But gradually during late summer and then dramatically in early November, my body reacted. It has been giving me pain from hip to foot on my left side, a limp I can’t disguise, and a metaphor for this message.

It appears that correcting one thing adversely affected another thing; and the second problem is much more painful than the first one was.

So-called solutions often have unintended consequences, worse than the original problem. For example:

  • Every expansion of the MHSAA Football Playoffs has had an effect opposite of what was intended. Each has added additional stress on local scheduling and league affiliations; and each expansion has increased the likelihood of repeat champions.
  • Seeding MHSAA Basketball Tournaments, seen by some people as a solution so that the best teams will square off later in the tournament trail, will have those same consequences – stress on scheduling and leagues, and more repeat champions.
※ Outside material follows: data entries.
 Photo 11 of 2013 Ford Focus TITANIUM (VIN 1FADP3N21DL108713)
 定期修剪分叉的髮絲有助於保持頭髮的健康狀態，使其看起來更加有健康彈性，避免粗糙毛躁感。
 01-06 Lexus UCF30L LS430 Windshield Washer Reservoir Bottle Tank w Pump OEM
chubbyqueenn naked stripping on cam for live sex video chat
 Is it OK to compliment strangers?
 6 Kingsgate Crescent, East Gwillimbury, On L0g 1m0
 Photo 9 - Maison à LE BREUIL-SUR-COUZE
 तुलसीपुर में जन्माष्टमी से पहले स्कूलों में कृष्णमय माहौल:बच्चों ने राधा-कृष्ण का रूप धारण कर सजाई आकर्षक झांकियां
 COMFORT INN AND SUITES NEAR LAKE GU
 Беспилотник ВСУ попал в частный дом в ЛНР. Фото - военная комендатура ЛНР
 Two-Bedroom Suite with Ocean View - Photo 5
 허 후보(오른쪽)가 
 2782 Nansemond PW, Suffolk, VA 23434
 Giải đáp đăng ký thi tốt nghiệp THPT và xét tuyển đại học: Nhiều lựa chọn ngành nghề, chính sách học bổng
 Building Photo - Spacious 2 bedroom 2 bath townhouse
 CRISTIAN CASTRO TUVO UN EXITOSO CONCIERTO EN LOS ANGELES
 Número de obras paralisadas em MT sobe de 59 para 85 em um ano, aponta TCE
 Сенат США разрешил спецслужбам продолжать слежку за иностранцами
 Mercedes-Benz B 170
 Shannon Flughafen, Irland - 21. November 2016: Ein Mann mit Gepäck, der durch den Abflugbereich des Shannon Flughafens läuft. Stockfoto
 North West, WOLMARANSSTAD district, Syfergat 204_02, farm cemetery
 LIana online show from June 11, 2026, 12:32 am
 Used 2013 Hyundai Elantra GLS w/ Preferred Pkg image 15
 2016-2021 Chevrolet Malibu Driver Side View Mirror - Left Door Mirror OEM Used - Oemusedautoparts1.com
  • Relaxing requirements for cooperative programs once seemed like a good thing, but now it is more frequent that schools take the easy route – sending their students off to play on another school’s team – rather than doing the hard thing – providing and promoting the sport themselves. The former provides far fewer participation opportunities than the latter – the opposite of the intended purpose for cooperative programs.

  • Charter schools and School of Choice policies were supposed to force schools to improve through competition, but this “solution” devastated neighborhood schools. These policies didn’t “empower” parents, they created estrangement between schools and communities.

I could go on. The point is, my limp is a reminder to be on the lookout for the new problems inherent in so-called solutions.